İşte Milliyet gazetesinin internet sitesinde toplantıda konuşulanlar ile ilgili yer alan bilgiler:

Toplantıda kulüplerin ikinci gündemi 14 Nisan 2011 tarihinde yürürlüğe giren şiddet yasası oldu. Şike ve teşvik soruşturması nedeniyle yasa gereği tutuklanarak cezaevine konan kulüp başkanı ve yöneticilerine öngörülen hapis cezalarının hafifletilmesi ya da kaldırılması talebinde bulunan kulüpler, konunun yeni yasama döneminde ele alınmasını talep etti. Kulüp temsilcilerinin, “Evet bu yasanın çıkmasını biz istedik ancak ciddi hatalar yapıldığını görüyoruz. Bu böyle devam ederse ileride kulüplere yöneticilik yapacak kişi bulamayız” dedikleri öğrenildi.

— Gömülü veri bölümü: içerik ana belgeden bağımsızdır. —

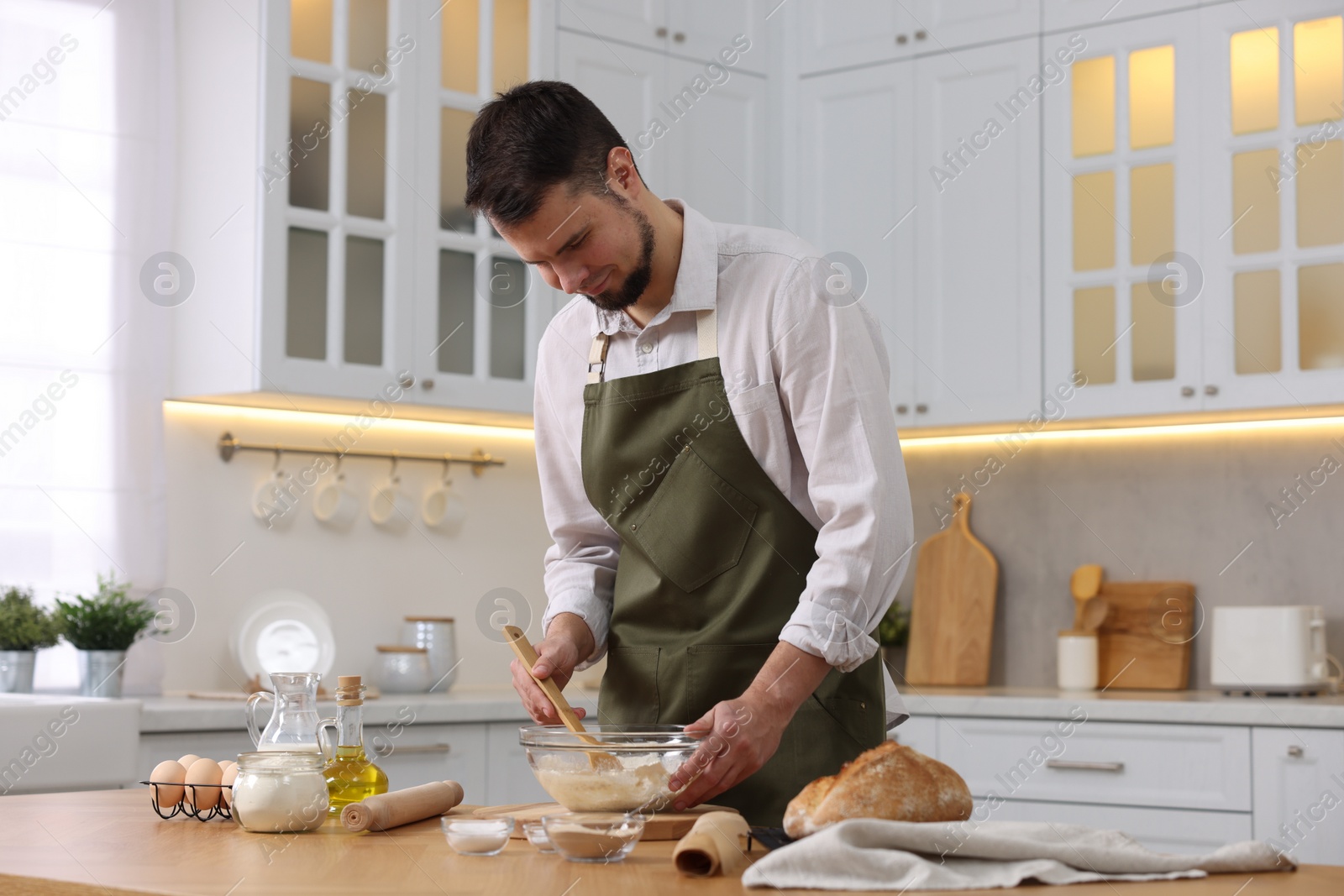 Photo of Making bread. Man preparing dough in bowl at wooden table in kitchen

Sporda Şiddet Yasası çıktığından beri, tribünde, sokakta, maç içi ya da maç sonu meydana gelen olaylarla ilgili bir çok taraftar göz altına alınmışken, bu renk sevdalılarının durumu gündeme gelmezken, kulüp başkanları kendilerine dokunan bir ceza ortaya çıktığında, yasanın değişmesi teklifinde "oldukça rahat bir şekilde" bulunabiliyorlar. Ortada bir yasa bulunmakta ve herkes adımlarını ona göre atması gerekirken, yöneticilerin isteklerine bakar mısınız? Bu ne demek oluyor :"Bizim yine teşvik primi verme, şike yapma ihtimalimiz var ama bundan sonra cezamız bu kadar ağır olmasın." Benim anladığım bu... Yoksa zaten, şike ve teşvik işlerinden uzak duran, tertemiz olan bir kişi, neden bu suçların cezasının düşünsün ki... Lafa gelince "Taraftar bizim her şeyimiz" diyenler, "her şeylerini" ağzılarına bile almazken, benim "saf" taraftarım kulüp başkanlarına toz kondurmaz, onlar için arkadaşlarıyla kavga eder, laf dalaşına girer, sokakta yürüyüş yapar... Bu isteği okuduktan sonra, Türk futbol maçlarını izlemek benim hiç içimden gelmiyor, sizi bilemiyorum...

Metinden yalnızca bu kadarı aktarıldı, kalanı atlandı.